Return the data exactly, without pictures.

____

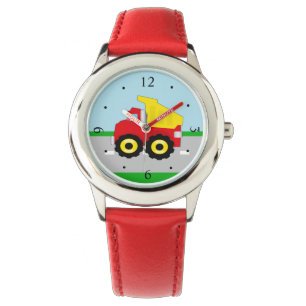 Kinder boogconstructiedumptruck horloge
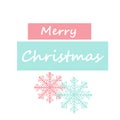 Merry Christmas and Happy New Year soft realistic soft pink and blue greeting card with snowflake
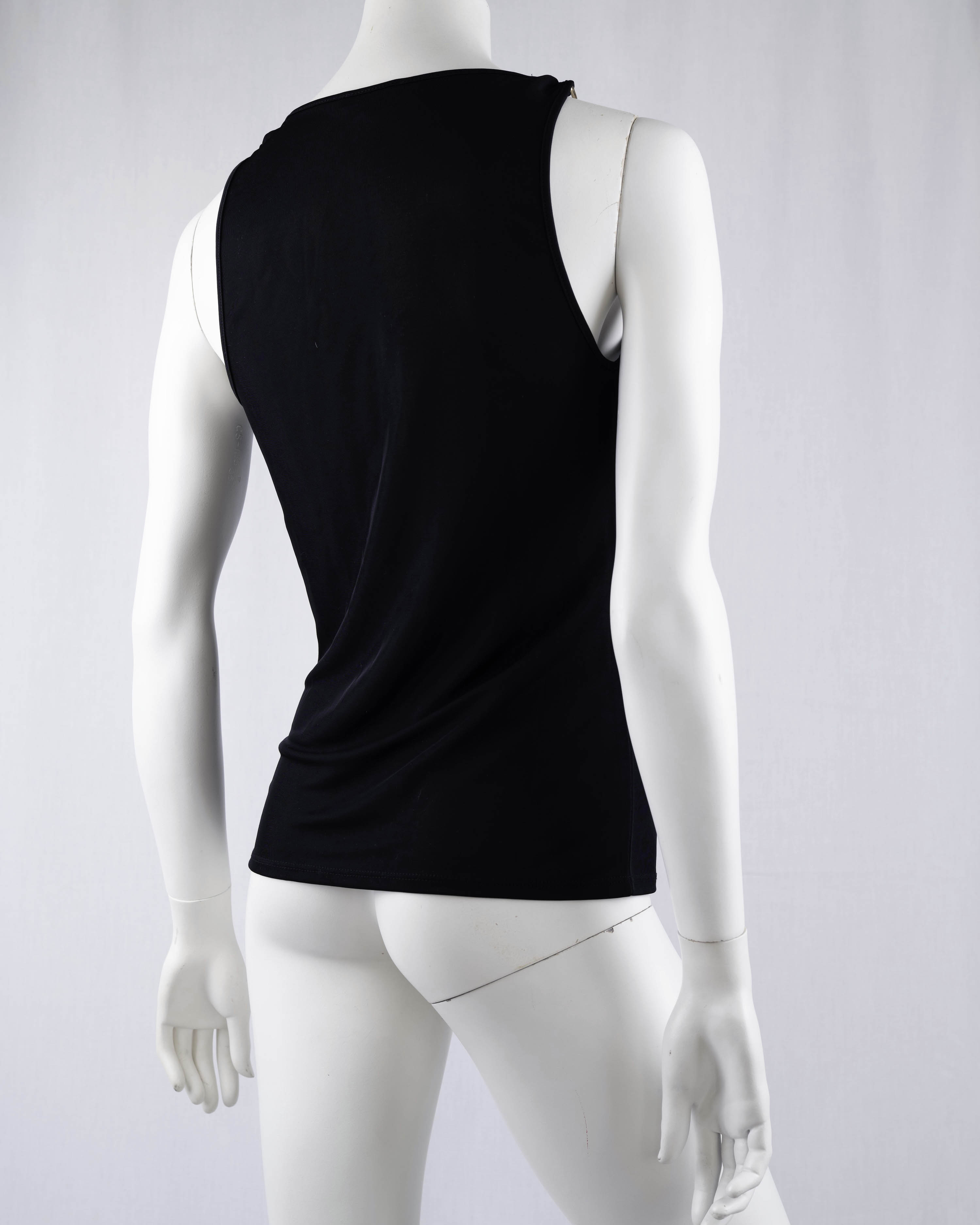 Morgan de Toi Black Cowl-Neck Gold Hardware Camisole Top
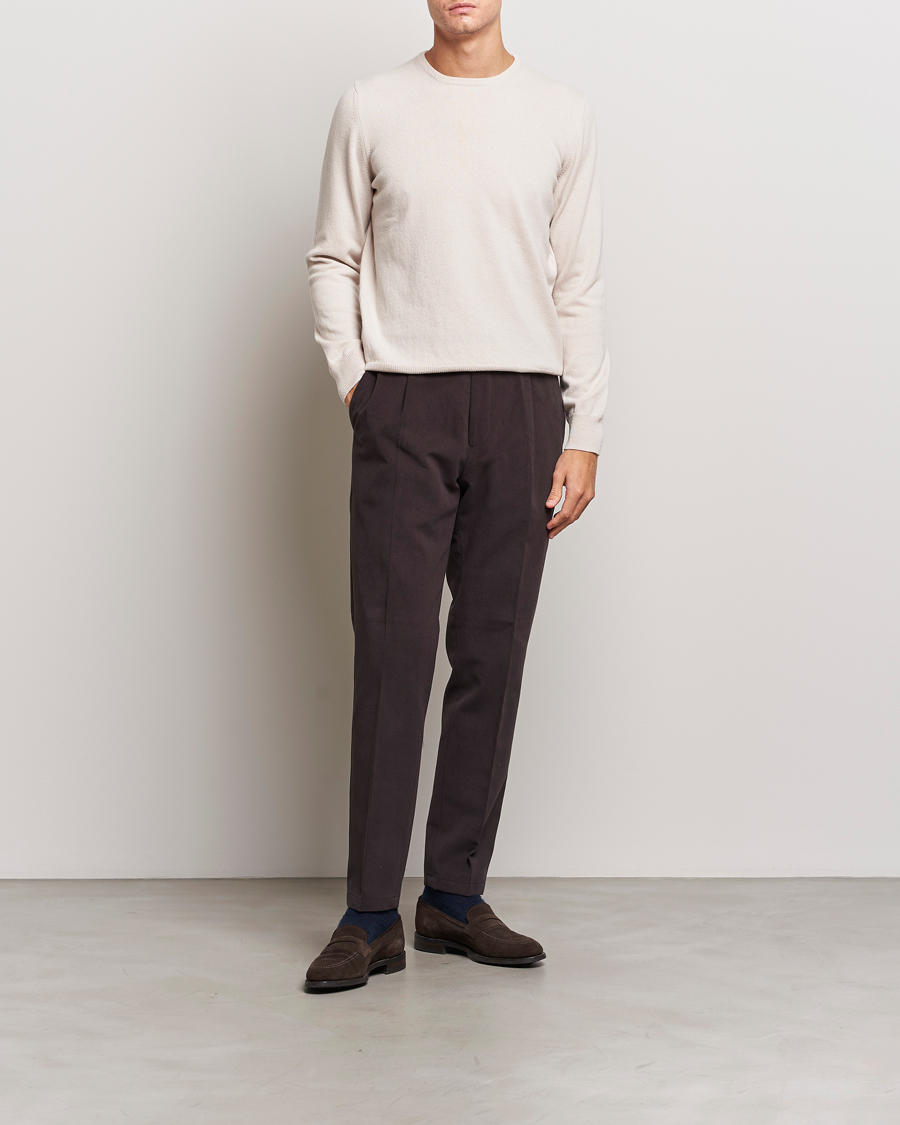 Herre | Trøjer | Gran Sasso | Wool/Cashmere Crew Neck Cream
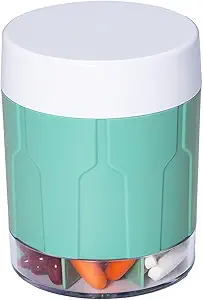 Betife Extra Large Supplement Organizer,Weekly pil Organizer Bottle, Daily Pill Dispenser met 7 Grote Compartiments, Organisator om 7 Dag Vitamine Medicatie, 21 Labels en een Reiniging Brush(Cyan)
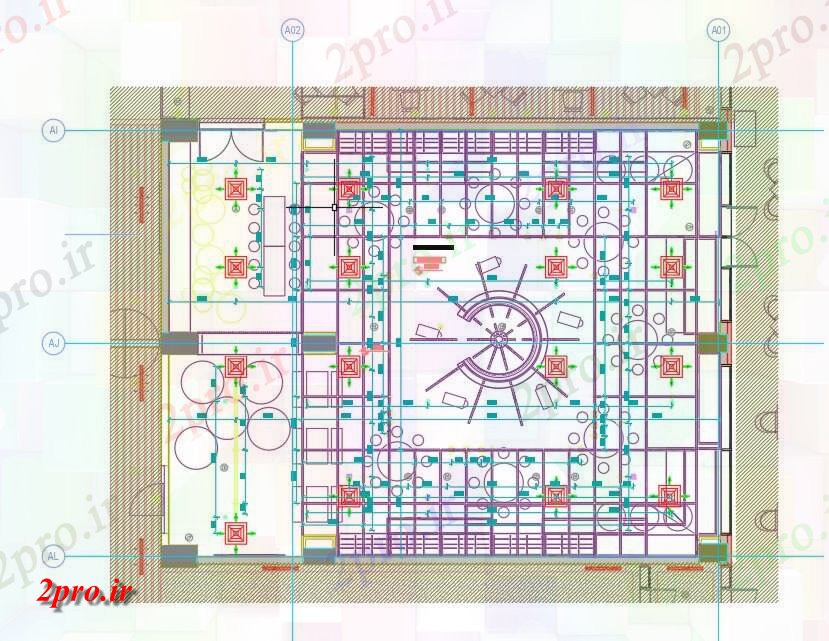 دانلود نقشه هتل - رستوران - اقامتگاه طرحی سقف از هتل برای اتوکد این دو بعدی رسم 12 در 16 متر (کد161942)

____

# Output for this exercise
 Kinder boogconstructiedumptruck horloge
 Merry Christmas and Happy New Year soft realistic soft pink and blue greeting card with snowflake
 Morgan de Toi Black Cowl-Neck Gold Hardware Camisole Top
 Herre | Trøjer | Gran Sasso | Wool/Cashmere Crew Neck Cream
 Betife Extra Large Supplement Organizer,Weekly pil Organizer Bottle, Daily Pill Dispenser met 7 Grote Compartiments, Organisator om 7 Dag Vitamine Medicatie, 21 Labels en een Reiniging Brush(Cyan)
 دانلود نقشه هتل - رستوران - اقامتگاه طرحی سقف از هتل برای اتوکد این دو بعدی رسم 12 در 16 متر (کد161942)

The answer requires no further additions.